Coming from SAS or excel, R can seem daunting. That's a perfectly normal feeling! R is a fully-fledged programming language that can handle a lot more than data analysis, so it is naturally a little more complicated. I promise you that it is worth the effort.

If you already have some experience programming, R may seem quirky and inefficient to you. That's also a normal feeling! You can find many hilarious takes on R's idiosyncrasies and problems scattered around the internet. Some of my favorites are:

Although some of the odd design choices are precisely what enable its most powerful features, there are certainly improvements that could be made.

Why tidyverse?

The tidyverse solves both of these problems: it makes R accessible to data analysts and cleaner for experienced programmers. It provides a consistent and principled framework for R programming that is easier to learn and produces code that is easier to maintain than base R.

Of course, the tidyverse and adjacent packages are not always the right tool for the job.

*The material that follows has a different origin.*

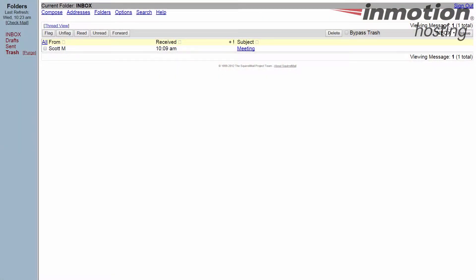Okay, so in this episode of our Squirrel Mail tutorial series we're going to teach you how to use message highlighting.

Other useful packages and frameworks include:

  • data.table: fast data manipulation and rolling joins
  • zoo: functions for time-series data
  • Rcpp: helpers to write efficient C++ code that can be called by R

Furthermore, if you are writing your own package for the public, you may want to use base R as much as possible to reduce its dependency on other code.

All in all, though, the tidyverse provides by far the best unified interface to data anlysis in R. It should be your go-to toolbox, even if there are tools you have that don't fit in it.